Deadlock in BinaryLogClient?
fivetran-andydreyfuss opened this issue · 3 comments
I think there may be a deadlock in the code when a term is received. Here is my stack trace
Just to keep things simple I'll use:
K=keepAliveThreadExecutorLock
C=connectLock
In the below
- the "update" thread
- holds K
- waits on its executor thread "blc-keepalive-127.0.0.1:55820"
- the "blc-keepalive-127.0.0.1:55820" thread
- waits on C
- the "blc-127.0.0.1:55820" thread holds C and is waiting on K
- holds C
- waits on K
Here's the abridged stack. Am I missing something?
// holds connectLock, waiting on keepAliveThreadExecutorLock held by "update"

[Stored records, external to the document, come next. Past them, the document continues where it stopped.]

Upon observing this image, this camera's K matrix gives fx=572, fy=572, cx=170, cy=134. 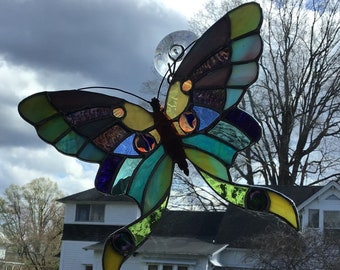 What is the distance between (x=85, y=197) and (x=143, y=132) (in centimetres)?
2116

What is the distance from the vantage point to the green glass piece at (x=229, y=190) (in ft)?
16.0

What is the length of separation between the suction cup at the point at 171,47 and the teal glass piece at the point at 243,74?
2.59 ft

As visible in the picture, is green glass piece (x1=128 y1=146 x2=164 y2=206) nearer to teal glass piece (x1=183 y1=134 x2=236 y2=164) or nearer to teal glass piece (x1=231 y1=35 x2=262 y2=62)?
teal glass piece (x1=183 y1=134 x2=236 y2=164)

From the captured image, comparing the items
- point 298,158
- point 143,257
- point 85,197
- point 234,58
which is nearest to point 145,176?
point 234,58

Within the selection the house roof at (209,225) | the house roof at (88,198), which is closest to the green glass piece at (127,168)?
the house roof at (209,225)

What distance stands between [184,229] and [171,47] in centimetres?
1960

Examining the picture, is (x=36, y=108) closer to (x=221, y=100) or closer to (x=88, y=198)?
(x=221, y=100)

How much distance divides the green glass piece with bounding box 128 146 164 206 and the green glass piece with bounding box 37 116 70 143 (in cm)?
75

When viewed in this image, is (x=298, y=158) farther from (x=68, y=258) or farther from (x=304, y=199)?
(x=68, y=258)

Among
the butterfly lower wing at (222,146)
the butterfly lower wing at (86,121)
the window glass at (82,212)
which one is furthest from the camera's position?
the window glass at (82,212)

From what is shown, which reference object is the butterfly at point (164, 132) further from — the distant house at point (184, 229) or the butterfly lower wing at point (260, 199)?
the distant house at point (184, 229)

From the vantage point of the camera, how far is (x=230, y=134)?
505 cm

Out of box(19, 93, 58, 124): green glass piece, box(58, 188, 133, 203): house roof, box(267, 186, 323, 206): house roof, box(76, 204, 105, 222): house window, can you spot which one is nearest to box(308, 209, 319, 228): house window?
box(267, 186, 323, 206): house roof

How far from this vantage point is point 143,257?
2233 centimetres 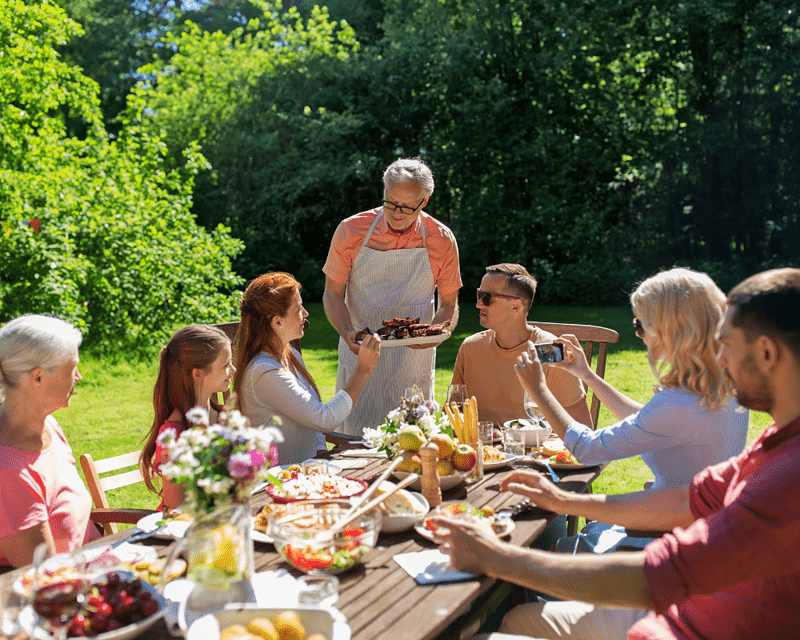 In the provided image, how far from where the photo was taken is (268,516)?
2.41m

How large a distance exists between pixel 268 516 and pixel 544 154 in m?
13.8

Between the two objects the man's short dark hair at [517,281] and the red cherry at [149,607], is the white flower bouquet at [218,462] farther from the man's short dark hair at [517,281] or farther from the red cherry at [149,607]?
the man's short dark hair at [517,281]

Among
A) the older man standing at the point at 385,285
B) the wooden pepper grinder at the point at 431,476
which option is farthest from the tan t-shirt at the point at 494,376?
the wooden pepper grinder at the point at 431,476

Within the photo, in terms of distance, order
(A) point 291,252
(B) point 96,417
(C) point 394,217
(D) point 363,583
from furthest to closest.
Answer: (A) point 291,252, (B) point 96,417, (C) point 394,217, (D) point 363,583

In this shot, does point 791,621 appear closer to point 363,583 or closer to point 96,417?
point 363,583

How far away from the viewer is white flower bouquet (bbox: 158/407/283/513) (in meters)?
1.72

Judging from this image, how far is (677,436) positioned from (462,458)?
0.83 metres

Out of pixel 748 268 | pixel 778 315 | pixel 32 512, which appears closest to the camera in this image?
pixel 778 315

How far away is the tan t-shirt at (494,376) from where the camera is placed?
13.3ft

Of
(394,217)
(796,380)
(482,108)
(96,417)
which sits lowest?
(96,417)

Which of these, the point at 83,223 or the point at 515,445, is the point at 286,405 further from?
the point at 83,223

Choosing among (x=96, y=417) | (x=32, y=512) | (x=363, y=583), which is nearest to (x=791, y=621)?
(x=363, y=583)

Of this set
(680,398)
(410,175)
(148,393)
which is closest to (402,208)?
(410,175)

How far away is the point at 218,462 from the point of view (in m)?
1.74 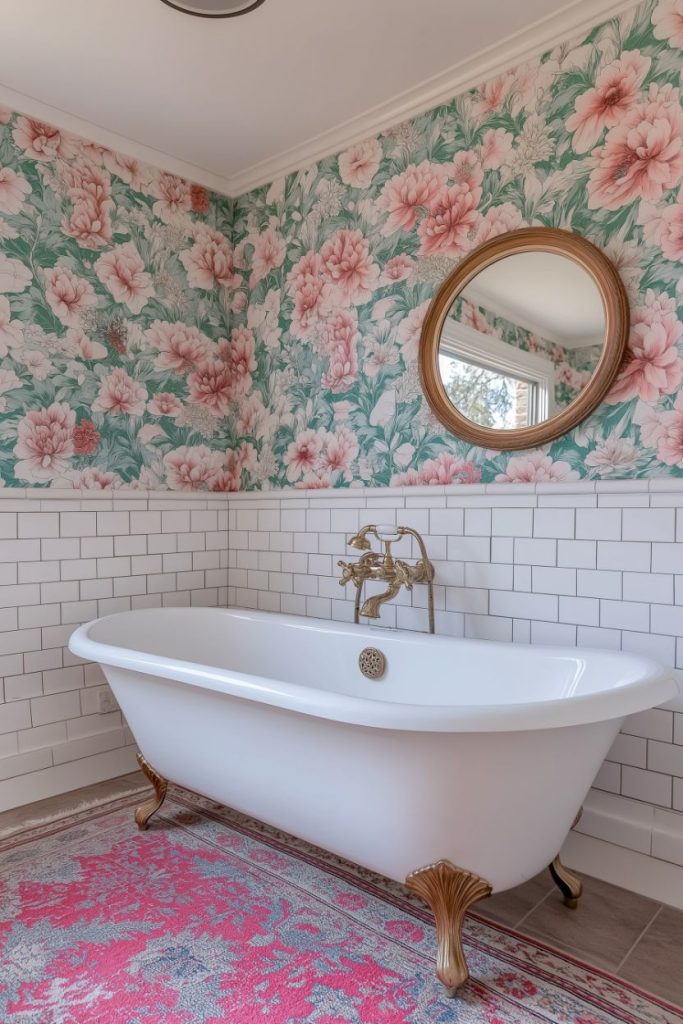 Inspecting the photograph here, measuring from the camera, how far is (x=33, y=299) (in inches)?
99.8

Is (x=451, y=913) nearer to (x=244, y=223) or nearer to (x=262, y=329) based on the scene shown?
(x=262, y=329)

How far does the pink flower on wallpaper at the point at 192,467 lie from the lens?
9.81 ft

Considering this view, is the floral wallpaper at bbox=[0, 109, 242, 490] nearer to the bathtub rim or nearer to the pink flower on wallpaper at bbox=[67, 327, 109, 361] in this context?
the pink flower on wallpaper at bbox=[67, 327, 109, 361]

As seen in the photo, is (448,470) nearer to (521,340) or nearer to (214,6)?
(521,340)

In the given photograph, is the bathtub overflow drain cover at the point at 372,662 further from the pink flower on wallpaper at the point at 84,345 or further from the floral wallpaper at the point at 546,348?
the pink flower on wallpaper at the point at 84,345

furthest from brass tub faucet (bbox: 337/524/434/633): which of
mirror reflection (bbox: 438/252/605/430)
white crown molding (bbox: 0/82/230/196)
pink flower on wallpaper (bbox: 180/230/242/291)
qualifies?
white crown molding (bbox: 0/82/230/196)

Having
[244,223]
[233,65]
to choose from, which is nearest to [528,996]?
[233,65]

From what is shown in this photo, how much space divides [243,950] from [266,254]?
2.63m

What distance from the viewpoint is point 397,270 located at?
255cm

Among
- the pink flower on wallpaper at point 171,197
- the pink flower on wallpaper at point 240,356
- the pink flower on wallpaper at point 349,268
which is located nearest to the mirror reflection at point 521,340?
the pink flower on wallpaper at point 349,268

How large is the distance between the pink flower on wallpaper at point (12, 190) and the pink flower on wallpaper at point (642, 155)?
197 cm

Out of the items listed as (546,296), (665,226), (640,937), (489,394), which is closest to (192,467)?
(489,394)

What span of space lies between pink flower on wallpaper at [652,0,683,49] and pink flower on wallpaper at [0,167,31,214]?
6.98ft

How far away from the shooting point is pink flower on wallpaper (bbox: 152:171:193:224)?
2938 millimetres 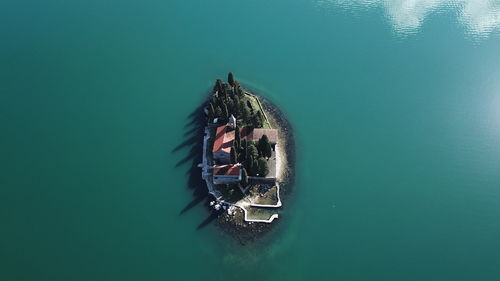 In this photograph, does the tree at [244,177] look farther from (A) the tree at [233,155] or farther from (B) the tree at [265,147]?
(B) the tree at [265,147]

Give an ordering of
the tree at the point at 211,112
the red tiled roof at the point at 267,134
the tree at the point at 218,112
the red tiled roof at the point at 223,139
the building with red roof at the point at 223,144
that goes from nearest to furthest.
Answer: the building with red roof at the point at 223,144 < the red tiled roof at the point at 223,139 < the red tiled roof at the point at 267,134 < the tree at the point at 218,112 < the tree at the point at 211,112

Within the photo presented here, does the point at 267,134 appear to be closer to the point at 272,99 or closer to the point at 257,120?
the point at 257,120

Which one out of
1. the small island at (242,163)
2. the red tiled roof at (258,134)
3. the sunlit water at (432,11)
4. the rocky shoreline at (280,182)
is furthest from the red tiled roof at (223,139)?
the sunlit water at (432,11)

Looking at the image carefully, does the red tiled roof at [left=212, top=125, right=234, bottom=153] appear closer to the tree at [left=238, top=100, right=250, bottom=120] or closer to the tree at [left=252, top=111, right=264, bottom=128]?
the tree at [left=252, top=111, right=264, bottom=128]

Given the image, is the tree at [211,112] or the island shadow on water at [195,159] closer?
the island shadow on water at [195,159]

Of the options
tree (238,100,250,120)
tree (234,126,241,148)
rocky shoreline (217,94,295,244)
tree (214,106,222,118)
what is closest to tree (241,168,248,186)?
rocky shoreline (217,94,295,244)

"blc-127.0.0.1:55820" Id=355 WAITING on java.util.concurrent.locks.ReentrantLock$NonfairSync@34c87dc0 owned by "update" Id=101
at sun.misc.Unsafe.park(Native Method)
- waiting on java.util.concurrent.locks.ReentrantLock$NonfairSync@34c87dc0
at java.util.concurrent.locks.LockSupport.park(LockSupport.java:175)
at java.util.concurrent.locks.AbstractQueuedSynchronizer.parkAndCheckInterrupt(AbstractQueuedSynchronizer.java:836)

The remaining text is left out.